=== Source material ===

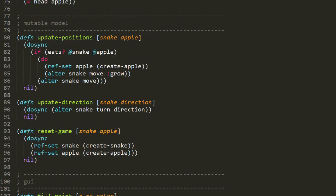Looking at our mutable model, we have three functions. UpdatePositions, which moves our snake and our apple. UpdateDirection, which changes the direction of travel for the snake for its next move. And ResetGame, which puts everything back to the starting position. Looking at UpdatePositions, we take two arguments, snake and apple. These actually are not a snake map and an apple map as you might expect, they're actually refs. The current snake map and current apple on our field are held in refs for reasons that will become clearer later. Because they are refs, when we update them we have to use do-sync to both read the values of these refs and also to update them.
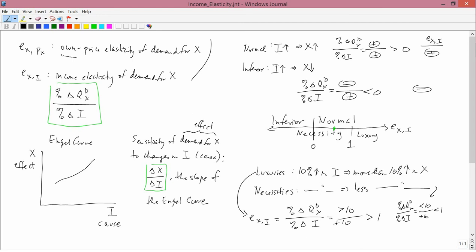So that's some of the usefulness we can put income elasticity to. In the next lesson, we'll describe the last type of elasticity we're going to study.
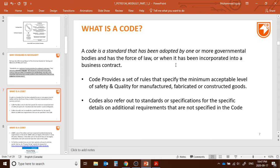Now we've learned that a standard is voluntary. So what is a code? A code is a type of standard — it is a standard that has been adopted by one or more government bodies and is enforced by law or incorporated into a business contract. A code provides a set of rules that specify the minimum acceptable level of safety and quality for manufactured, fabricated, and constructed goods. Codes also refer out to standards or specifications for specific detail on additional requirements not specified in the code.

===

• _What to do_
Reproduce the listing verbatim, pictures excluded.

• _The answer_
Looking at our mutable model, we have three functions. UpdatePositions, which moves our snake and our apple. UpdateDirection, which changes the direction of travel for the snake for its next move. And ResetGame, which puts everything back to the starting position. Looking at UpdatePositions, we take two arguments, snake and apple. These actually are not a snake map and an apple map as you might expect, they're actually refs. The current snake map and current apple on our field are held in refs for reasons that will become clearer later. Because they are refs, when we update them we have to use do-sync to both read the values of these refs and also to update them.
So that's some of the usefulness we can put income elasticity to. In the next lesson, we'll describe the last type of elasticity we're going to study.
Now we've learned that a standard is voluntary. So what is a code? A code is a type of standard — it is a standard that has been adopted by one or more government bodies and is enforced by law or incorporated into a business contract. A code provides a set of rules that specify the minimum acceptable level of safety and quality for manufactured, fabricated, and constructed goods. Codes also refer out to standards or specifications for specific detail on additional requirements not specified in the code.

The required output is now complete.